Optical and dielectric dispersion in the Ge/In2Se3/Ga2S3 interfaces

Abstract

In this article, the optical and dielectric performance of the Ge, Ge/In2Se3 and Ge/In2Se3/Ga2S3 interfaces are reported and discussed. The growth nature of the physically vacuum deposited thin film layers is investigated by means of X-ray diffraction and energy dispersive X-ray spectroscopy. Each 200 nm thick layer exhibited an amorphous type of crystallization with appropriate atomic stoichiometry. Optically, the Ge/In2Se3/Ga2S3 system is found to exhibit a conduction and a valence band offsets of values of 0.53 and 0.47 eV at the Ge/In2Se3 and of values of 0.30 and 0.70 eV at the In2Se3/Ga2S3 interfaces, respectively.
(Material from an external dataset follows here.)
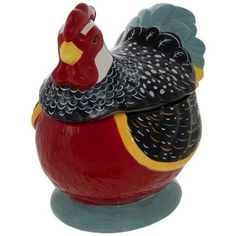 a ceramic rooster figurine sitting on top of a table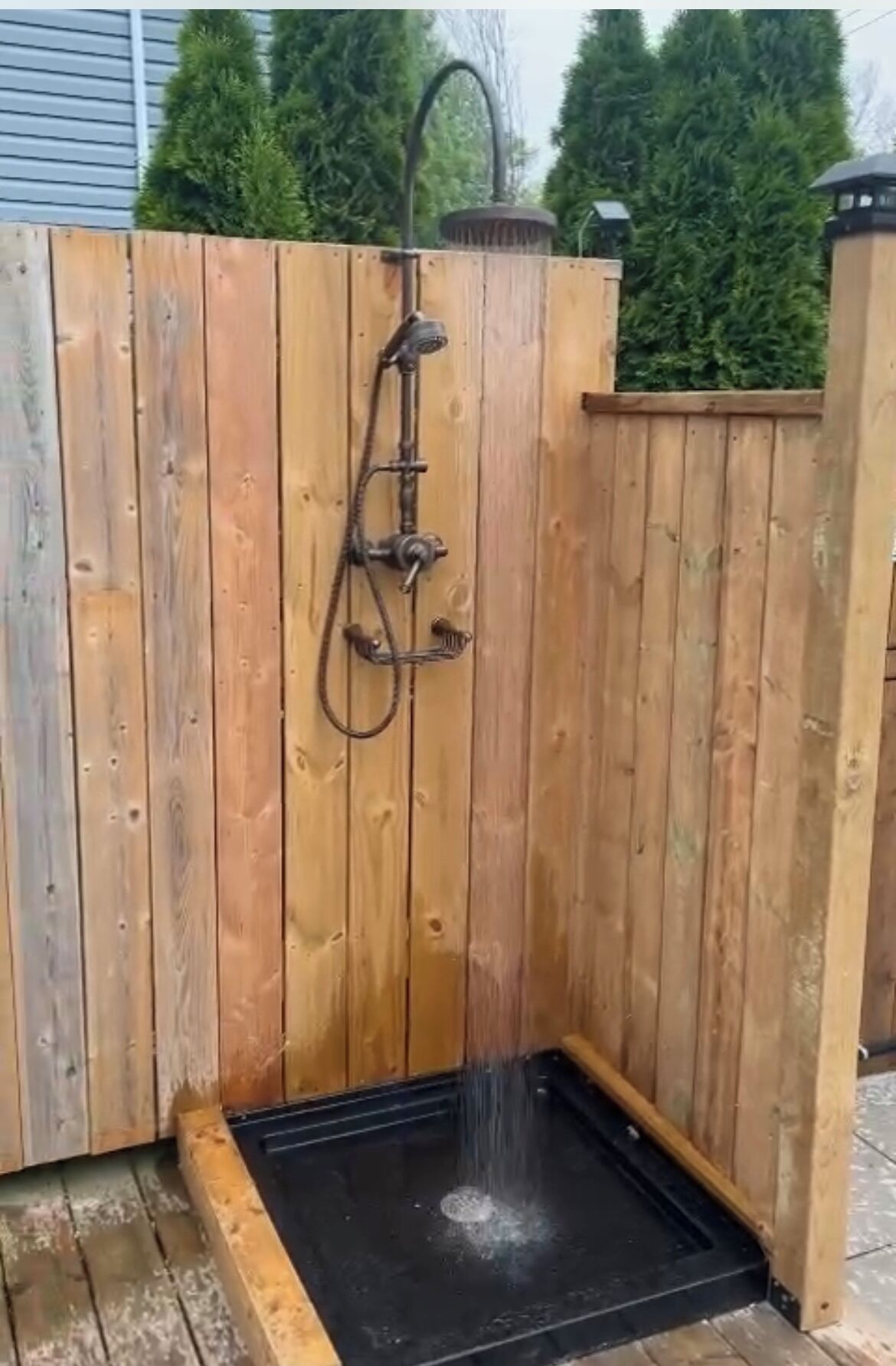 Un cerramiento de ducha exterior de madera con piso negro y un caño.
The values are high enough to actualize quantum confinements in the heterojunction device. The formed double and three layers displayed higher light absorbability than single layers. On the other hand, the dielectric dispersion analysis has shown a wide tunability in the dielectric property in visible light and near IR regions. The dielectric responses at the Ge/In2Se3 and at the Ge/In2Se3/Ga2S3 interfaces are linear below 2.10 eV and 1.53 eV, respectively. The modeling of the dielectric function revealed the optical conductivity parameters presented by the drift mobility, scattering time, plasmon frequency and free electron density. It was observed that the quantum condiment at the Ge/In2Se3 interfaces improved both of the drift mobility and made the scattering time longer at femtosecond levels. The establishing of the second quantum confinement at the second interface In2Se3/Ga2S3 raised the drift mobility more and extended the scattering time further. With the estimated plasmon frequencies, the formation of the Ge/In2Se3/Ga2S3 interface appears to be promising for use in optoelectronic device production especially in photodetection issues.